Il Pil calerà  ancora nel 2013: almeno l’1 per cento, secondo le stime dell’Istat sulla base dei dati già  acquisti. D’altra parte tutti i centri di ricerca, da quello della Banca d’Italia al Fondo monetario internazionale, fissano ormai nel 2014 l’anno della possibile inversione di tendenza. E con un Pil che non cresce continuerà  a scendere l’occupazione. Dal 2007, l’anno che precede la Grande crisi globale, abbiamo perso 1,5 milioni di posti di lavoro con il tasso di disoccupazione che è raddoppiato. Gli economisti insegnano pure che senza una crescita almeno del 2 per cento l’anno è difficile aumentare anche di poco il tasso di occupazione. Questo è lo scenario.

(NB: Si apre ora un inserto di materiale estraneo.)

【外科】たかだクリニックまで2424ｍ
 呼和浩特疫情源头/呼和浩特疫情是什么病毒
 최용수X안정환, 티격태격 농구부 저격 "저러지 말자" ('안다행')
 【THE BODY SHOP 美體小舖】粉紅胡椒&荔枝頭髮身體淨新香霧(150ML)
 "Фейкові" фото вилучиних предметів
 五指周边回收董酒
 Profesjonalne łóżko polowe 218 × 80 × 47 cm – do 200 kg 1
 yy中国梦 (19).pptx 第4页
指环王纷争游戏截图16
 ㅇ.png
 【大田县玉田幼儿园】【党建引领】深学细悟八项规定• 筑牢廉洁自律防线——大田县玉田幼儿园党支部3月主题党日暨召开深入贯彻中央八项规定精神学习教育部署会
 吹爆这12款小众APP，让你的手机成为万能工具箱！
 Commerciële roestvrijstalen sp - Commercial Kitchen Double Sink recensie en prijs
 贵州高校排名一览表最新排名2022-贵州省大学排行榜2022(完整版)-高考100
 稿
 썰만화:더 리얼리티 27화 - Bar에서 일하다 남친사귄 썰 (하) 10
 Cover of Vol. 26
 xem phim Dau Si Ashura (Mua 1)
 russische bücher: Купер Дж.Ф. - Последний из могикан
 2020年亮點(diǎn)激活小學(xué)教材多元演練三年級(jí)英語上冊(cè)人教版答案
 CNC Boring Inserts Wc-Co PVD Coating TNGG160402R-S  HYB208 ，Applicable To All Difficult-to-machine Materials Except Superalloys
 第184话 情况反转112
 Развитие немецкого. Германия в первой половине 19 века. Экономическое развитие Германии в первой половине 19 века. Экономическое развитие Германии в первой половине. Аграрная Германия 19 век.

La causa principale è certamente il peggioramento della congiuntura internazionale. Tutta l’Europa sta decrescendo (sta frenando pure la locomotiva tedesca), gli Stati Uniti si sono fermati e il caro euro (+13 per cento da luglio 2012 rispetto al dollaro) incide non poco sulle nostre esportazioni nei paesi extra Ue. Ma ci sono pure ragioni interne: per esempio, secondo l’economista Francesco Daveri dell’Università  di Parma, che ha scritto un articolo sul sito lavoce.info, pesa «il mancato effetto positivo delle liberalizzazioni su consumi e investimenti». Solo a marzo si conoscerà  il dato definitivo relativo ai consumi ma è probabile che si attesti intorno a un meno 3,5 per cento. Il tracollo del mercato pubblicitario ne è solo una conferma, o l’altra faccia della medaglia. Ieri sono arrivati i numeri dell’indagine Nielsen riguardanti il 2012: l’anno si è chiuso con un crollo del 14,3 per cento, il peggior risultato degli ultimi vent’anni. In termini reali si torna addirittura al 2001. Una crisi così lunga fa pensare che siamo ormai di fronte a un mutamento strutturale, non più congiunturale, del mercato della pubblicità .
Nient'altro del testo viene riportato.